Fall has arrived and most of the garden is empty now. Life has slowed down, but if you’re growing perennial vegetables, your work isn’t finished yet.
I love growing any kind of perennials – plant them once and they come back every year when given the proper care – but perennial vegetables are truly worth growing. What could be better than food you don’t have to replant every year? Even better, most perennials are ready to harvest in the spring, or at least earlier than many other plants.
Here are some tips on how to prepare your perennial vegetables for winter survival.
Globe artichokes can produce for six or seven years with proper care. They need to be protected from frost and are best grown in USDA zones 5 to 7. Most gardeners in colder zones grow them as annuals.

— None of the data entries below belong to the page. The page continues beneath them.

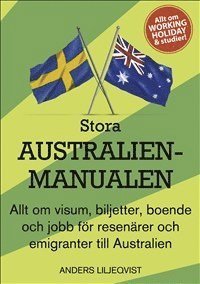 Anders Liljeqvist - Stora Australienmanualen : allt om visum, biljetter, boende och jobb för resenärer och emigranter till Australien, Häftad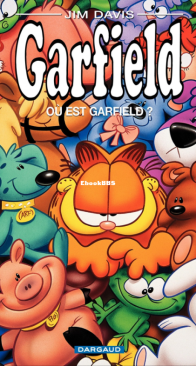 Garfield 45 - Où Est Garfield? - Dargaud 2007 - French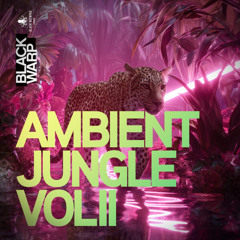 Ambient Jungle Volume 2 by Blackwarp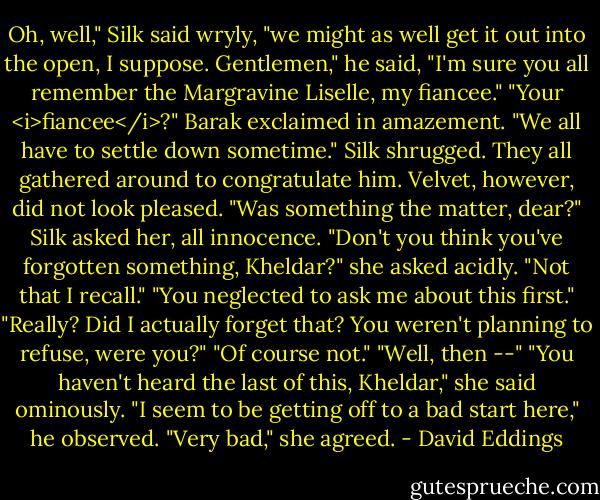Oh, well," Silk said wryly, "we might as well get it out into the open, I suppose. Gentlemen," he said, "I'm sure you all remember the Margravine Liselle, my fiancee."<br />"Your <i>fiancee</i>?" Barak exclaimed in amazement.<br />"We all have to settle down sometime." Silk shrugged.<br />They all gathered around to congratulate him. Velvet, however, did not look pleased.<br />"Was something the matter, dear?" Silk asked her, all innocence.<br />"Don't you think you've forgotten something, Kheldar?" she asked acidly.<br />"Not that I recall."<br />"You neglected to ask me about this first."<br />"Really? Did I actually forget that? You weren't planning to refuse, were you?"<br />"Of course not."<br />"Well, then --"<br />"You haven't heard the last of this, Kheldar," she said ominously.<br />"I seem to be getting off to a bad start here," he observed.<br />"Very bad," she agreed. - David Eddings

To prepare your artichoke plants for winter, cut the stalks down, leaving about eight to ten inches on the plant. Then gather the remaining stalks and tie them together to hold them upright. This will help protect the crown of the plant. Add four to six inches of compost around the plant base, and layer up to eight inches of straw or chopped leaves on top of the compost.

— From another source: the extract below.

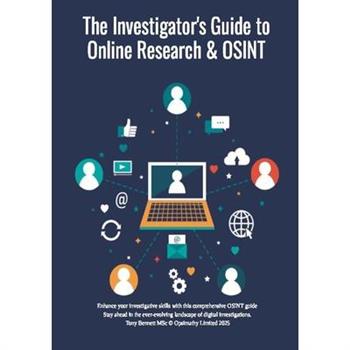 The Investigator's Guide to Online Research & OSINT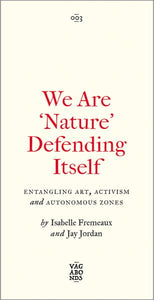 We Are 'Nature' Defending Itself: Entangling Art, Activism and Autonomous Zones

In very cold weather, pack a cardboard box with straw or chopped leaves and invert it over the plant. The box can be covered with another deep layer of straw or leaves if needed. Remove the box if the weather warms up.

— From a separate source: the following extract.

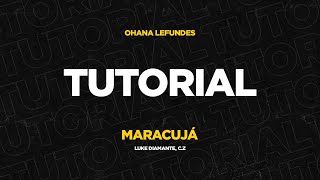 TUTORIAL CHALLENGE MARACUJÁ| OHANA LEFUNDES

If you live in Zone 8 or above, cut the plants back to ground level and cover with three or four inches of mulch.
In extremely cold areas, you can dig up the root crowns before the weather freezes and store them in a cool basement or garage. Don’t let them freeze while in storage.
Asparagus crowns will produce a spring crop of spears for twenty years or even longer if they are well cared for, so taking the time to prepare them for winter is time well spent.
Leave the ferny stems on your plants as long as the stems are green. When the stalks turn brown and get brittle, usually after the first frost, cut them off at ground level. Because asparagus beetles can overwinter in the cut-off stalks, don’t add them to your compost pile or leave them in the asparagus bed.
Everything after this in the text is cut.